I think the reason tecnobrega works in Brazil is the cultural attitude toward music in lesser-developed/less-western (is that like Best Western?) countries. Music in Latino/Brazilian culture is still more commonly experienced in a social, live context in festivals or in clubs. People aren’t exactly seen strutting around with white earbuds stuck in their ears. This is why free music distribution works in Brazil. People actually will go see the artists perform in clubs or dance halls. People there go to experience music together more. Dance music has thrived in the rest of the world because people are more likely to experience music in a social context. Performers make money by playing for these venues, not by selling albums.

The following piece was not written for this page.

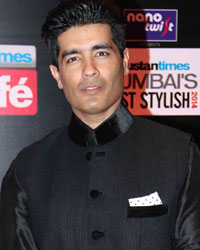 Manish Malhotra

In the US, we’re too used to the “music as product” model. You either listen to Muzak or go to a concert. There’s not a lot of in-between. Even in a concert setting, depending on the concert and audience, there is an expectation that the performers will reproduce their works according to what they’re used to hearing on the album. The closest analogue in the US to tecnobrega I can think of is the electronic music/DJ scene - but even that is more of a fringe style. In the US, you can’t even get by just playing live shows. A band doesn’t become self-sustaining until they sign with a label and sell recorded music.
Maybe this explains why AOR (album-oriented rock) arose as a reaction to Disco. Sort of a battle between “consumer” rock and roll and the social dance music culture.
So will free music distribution change the way we view music? Will we come to experience music more in a transitory, live context? Only time will tell.